What you return should match the data word for word, minus the images.

:: Supplied data ::
============

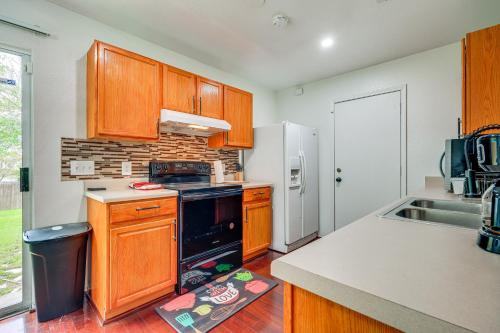 Charming Family Home with Yard - 24 Mi to Austin! in Kyle, USA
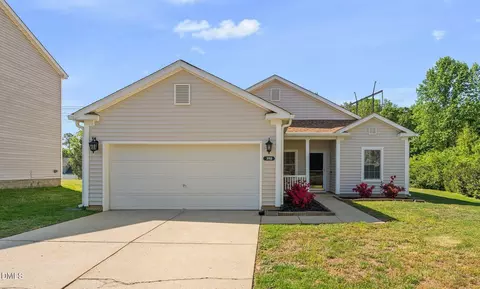 3113 Locust Grove Dr, Apex, NC 27539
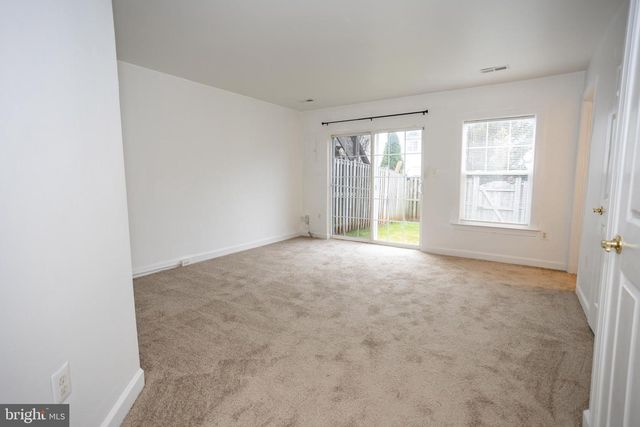 8150 RAINWATER CIR, Manassas, VA 20111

============

:: Task response ::
 Charming Family Home with Yard - 24 Mi to Austin! in Kyle, USA
 3113 Locust Grove Dr, Apex, NC 27539
 8150 RAINWATER CIR, Manassas, VA 20111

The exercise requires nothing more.